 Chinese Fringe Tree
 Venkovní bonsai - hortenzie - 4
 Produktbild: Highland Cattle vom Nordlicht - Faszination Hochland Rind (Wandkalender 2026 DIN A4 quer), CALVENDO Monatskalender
-=-=-=-=-
> [Aim of the exercise]: The whole listing above, restated word for word, is the required answer.

> [Answer to the problem]:
 Chinese Fringe Tree
 Venkovní bonsai - hortenzie - 4
 Produktbild: Highland Cattle vom Nordlicht - Faszination Hochland Rind (Wandkalender 2026 DIN A4 quer), CALVENDO Monatskalender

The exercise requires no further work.